Tosti rode the wave for as long as he could, but as the pachuco boogie scene petered out and the mambo and rock crazes of the ’50s gathered steam, he returned to his first love: jazz. Tosti recorded a few more records under his own name, and worked steadily as an arranger for various bands and TV shows throughout the decade. Perhaps the highpoint of his post-pachuco career came when he worked as a bassist on two of Perez Prado’s best-selling albums, Voodoo Suite and Havana 3am. That’s Tosti you see silhouetted with a stand-up bass on one of the album covers, and he helped arrange much of the music as well.
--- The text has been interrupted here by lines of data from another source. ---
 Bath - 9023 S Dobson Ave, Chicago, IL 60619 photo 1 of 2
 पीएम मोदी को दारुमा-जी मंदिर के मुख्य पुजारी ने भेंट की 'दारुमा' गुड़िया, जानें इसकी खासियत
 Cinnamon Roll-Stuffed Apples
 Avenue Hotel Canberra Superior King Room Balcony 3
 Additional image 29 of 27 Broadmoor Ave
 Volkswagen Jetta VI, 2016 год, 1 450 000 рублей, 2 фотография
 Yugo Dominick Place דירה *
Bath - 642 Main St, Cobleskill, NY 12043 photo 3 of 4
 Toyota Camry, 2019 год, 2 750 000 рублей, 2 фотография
Later, Tosti retired and moved from LA to Palm Springs, where he now lives, not far from his own plaque on the desert city’s glitzy Walk of Stars.
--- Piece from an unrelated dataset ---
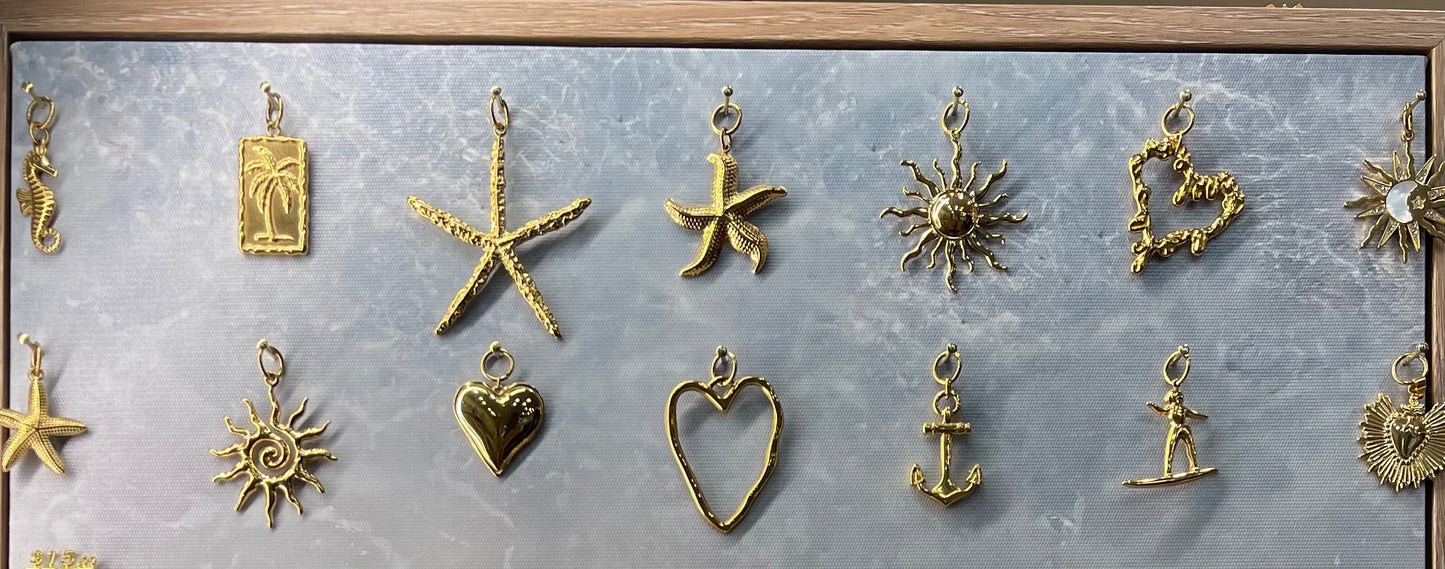 Charm Hero Large Gold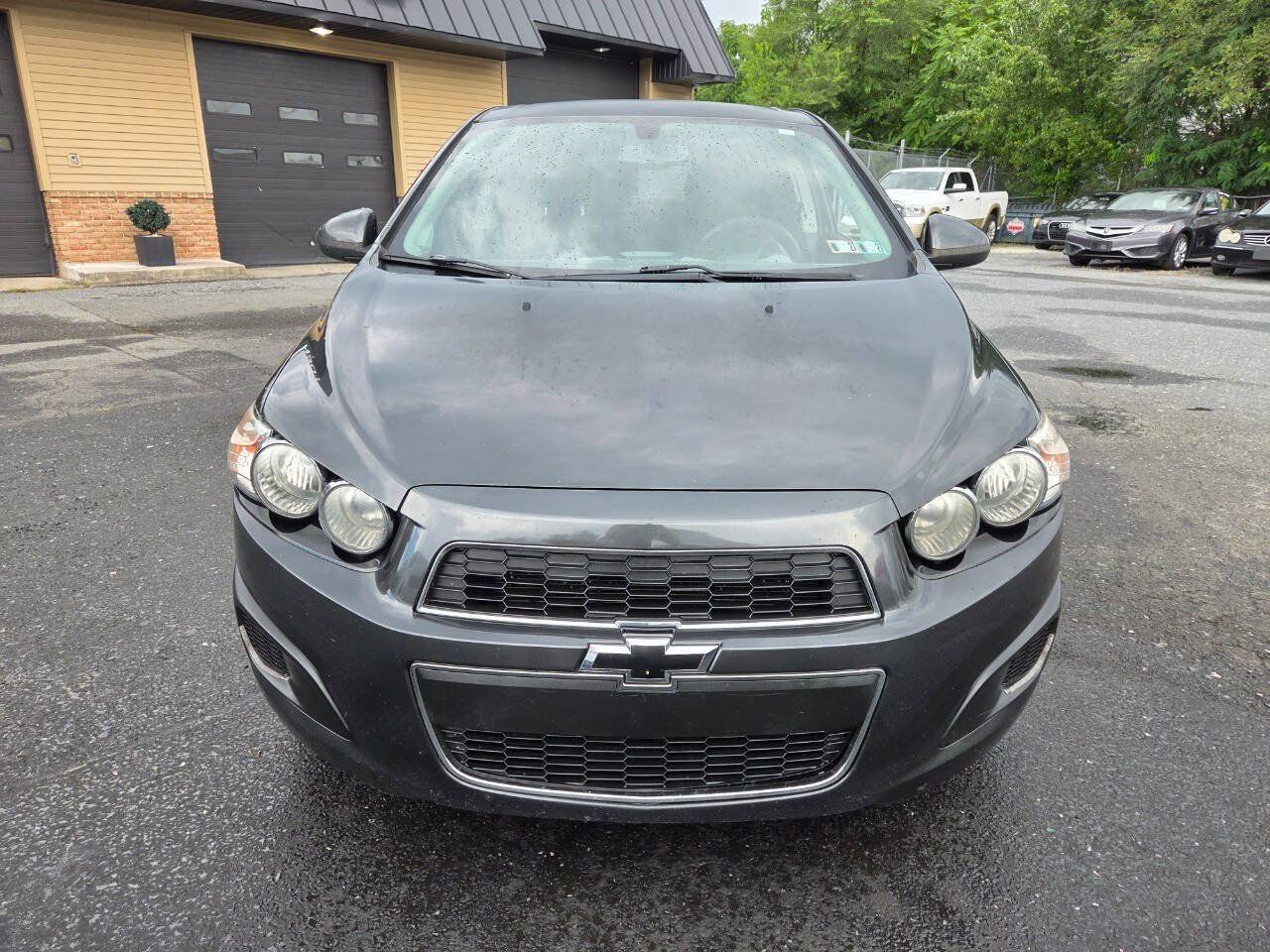Used 2015 Chevrolet Sonic LT FWD image 2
Now, decades after the youthful, freewheeling recording sessions of the Pachuco era, Tosti says he’s delighted to see his old songs back in print, and to have them appreciated by a new generation of music fans. He looks to the success of old-timers like Ruben Gonzales in Cuba after the release of the various Buena Vista Social Club albums and wonders if a similar revival of LA’s Latin blues scene might also be around the corner. “It’s very flattering,” he laughs, “especially after being dormant for so many years. You know, Lalo Guerrero is still appearing in the zoot suits and singing the songs, and he’s 85 years old. I can’t do that — I did it when I was young, and I did it well. But that was how I heard music, how I wrote it, and how I recorded it. So I’m glad that people are becoming aware that the Mexicans had that kind of influence and had high-class swing. Just listen to it: it may be a 52 year-old song, but it swings its ass, baby! It’s sure better than a lot of the shit they’re doing now!”